## Work request
Beginning at the line that contains "339 Ranee Ave, Toronto, ON M6A 1N9" and finishing at the line that contains "La subdirectora Asunción", output the data below exactly. Include both end lines and no pictures.

Captioned web images
--------------------------------------------------

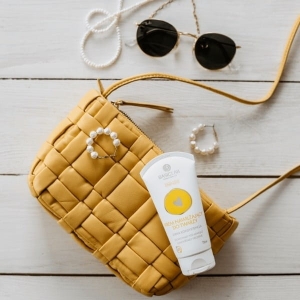 BasicLab Famillias krem nawilżający do twarzy o lekkiej konsystencji 75 ml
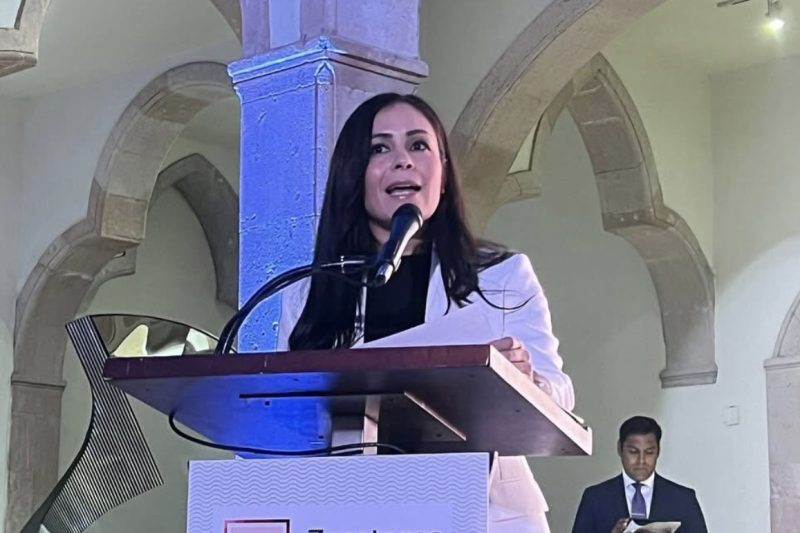 LA CDHEZ CONDENA VIOLENCIA DIGITAL CONTRA MUJERES
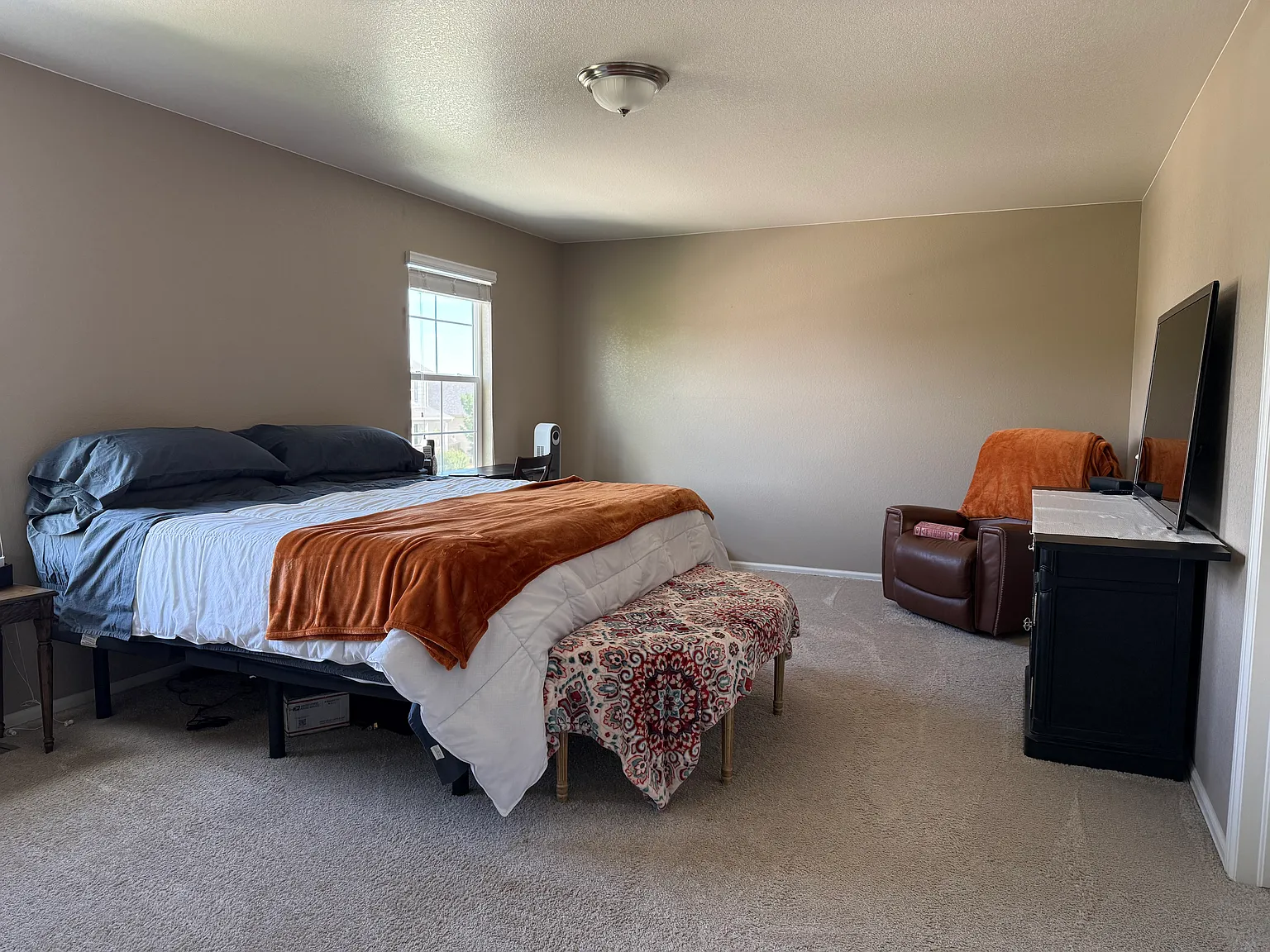 4 bed, 3366 sqft, $3,100 — Photo 3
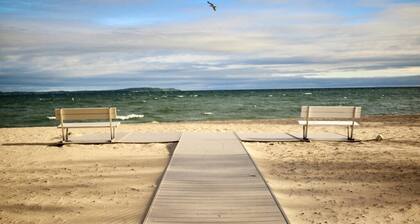 Mainstay in Elk Rapids, splendid views and comfort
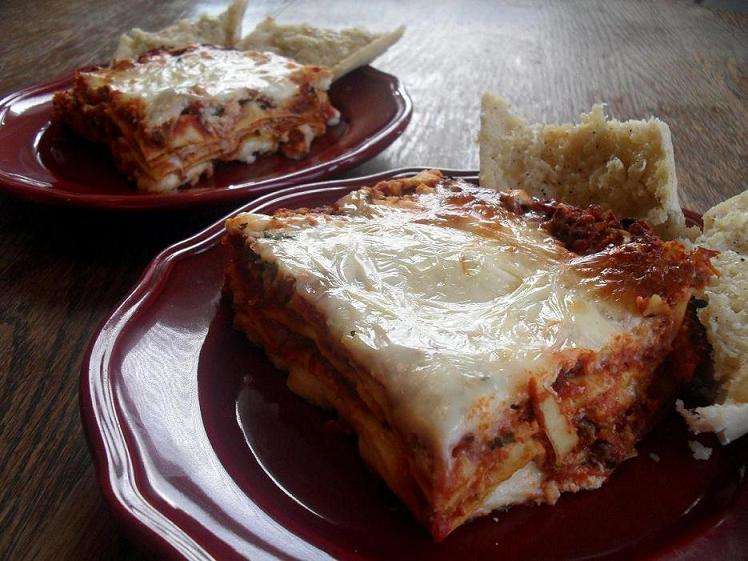 Name:  Veronica's lasagna.jpg
Views: 427
Size:  62.1 KB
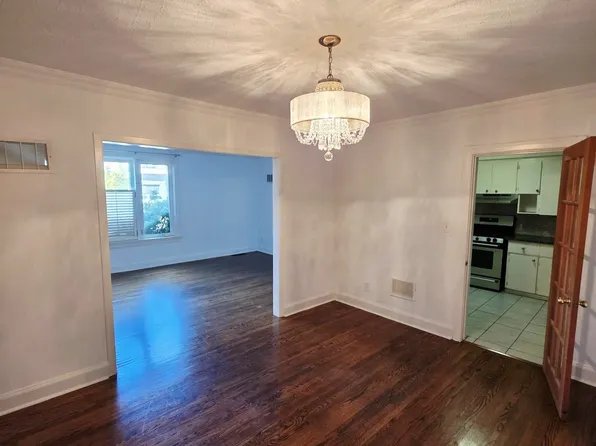 339 Ranee Ave, Toronto, ON M6A 1N9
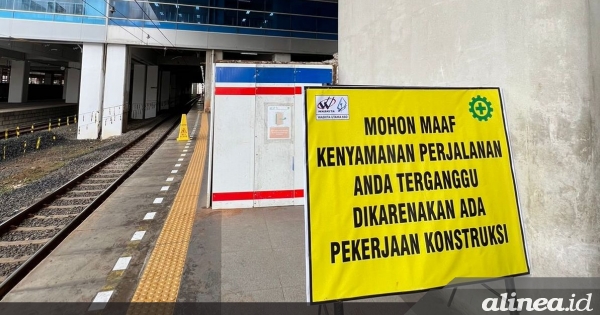 DJKA Kemenhub pasang 5 tangga tambahan di Stasiun Manggarai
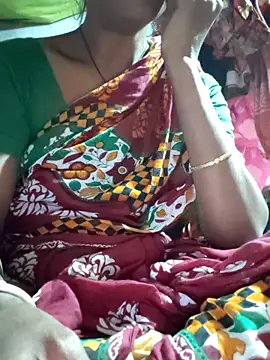 Sweet-runi online show from February 11, 2026, 4:12 pm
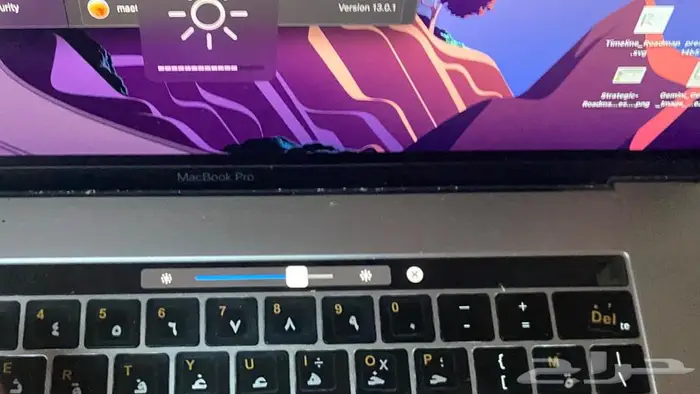 ماك بوك برو تتش بار 2019   16GB   نظامين ويندوز و IOS 4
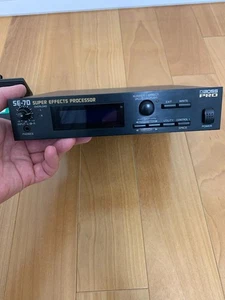 Boss SE-70 Vintage Half Rack Multi-Effects Guitar Pedal Japanese Made - Picture 1 of 3
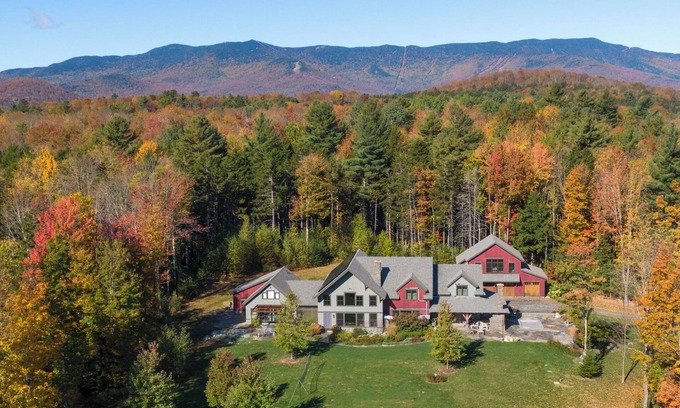 Warren House | The Vines - 6000 sq. ft. Luxury Estate with Hot Tub & Mountain Views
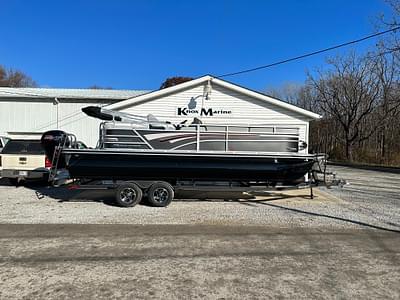 BOATZON | 2023 Ranger Boats 220C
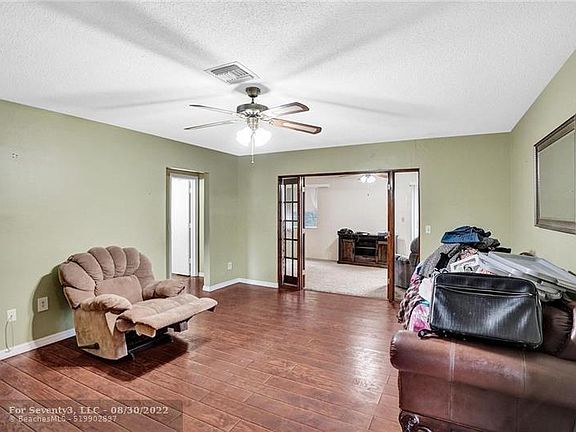 5th image of 701 NW 43rd Ave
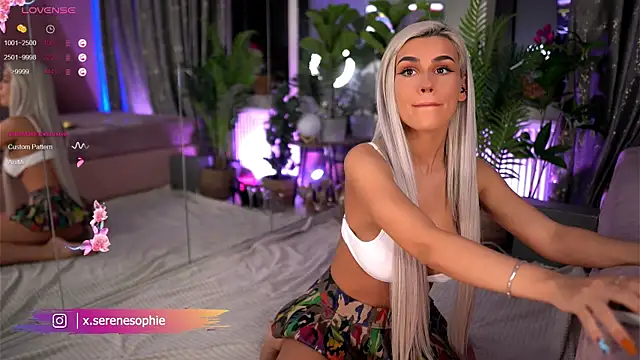 Snapshot of Serene_Sophiex chatting on 03.10.25 Serene Sophiex online show from 03.10.25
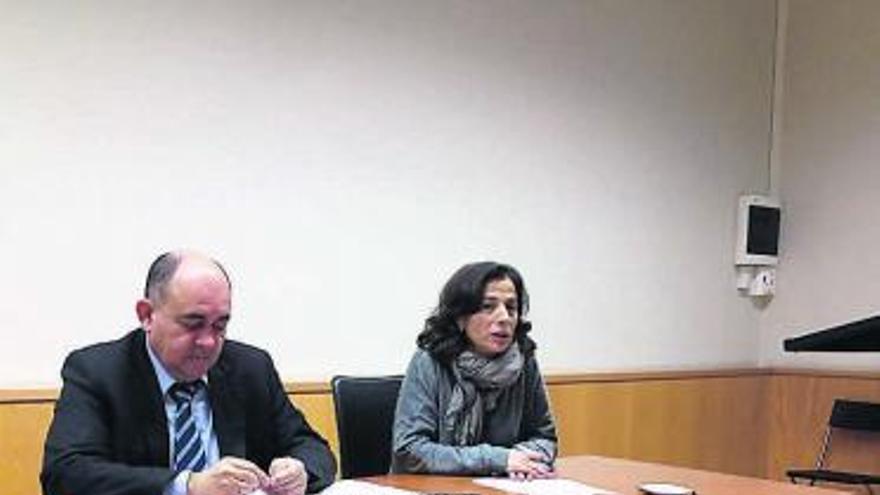 La subdirectora Asunción Cámara, junto a Francisco Olmos.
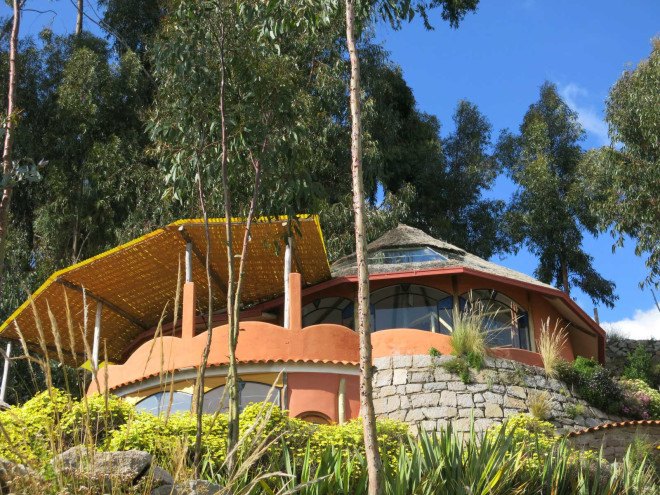 Martin Stratker, Las Olas, fairy tale accomodation, Bolivian hotel, Copacabana, Bolivia, local builders, German sculptor, animal shaped building, snail building, Ana Lisa Alperovich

--------------------------------------------------

## Written answer
 339 Ranee Ave, Toronto, ON M6A 1N9
 DJKA Kemenhub pasang 5 tangga tambahan di Stasiun Manggarai
 Sweet-runi online show from February 11, 2026, 4:12 pm
 ماك بوك برو تتش بار 2019   16GB   نظامين ويندوز و IOS 4
 Boss SE-70 Vintage Half Rack Multi-Effects Guitar Pedal Japanese Made - Picture 1 of 3
 Warren House | The Vines - 6000 sq. ft. Luxury Estate with Hot Tub & Mountain Views
 BOATZON | 2023 Ranger Boats 220C
 5th image of 701 NW 43rd Ave
 Snapshot of Serene_Sophiex chatting on 03.10.25 Serene Sophiex online show from 03.10.25
 La subdirectora Asunción Cámara, junto a Francisco Olmos.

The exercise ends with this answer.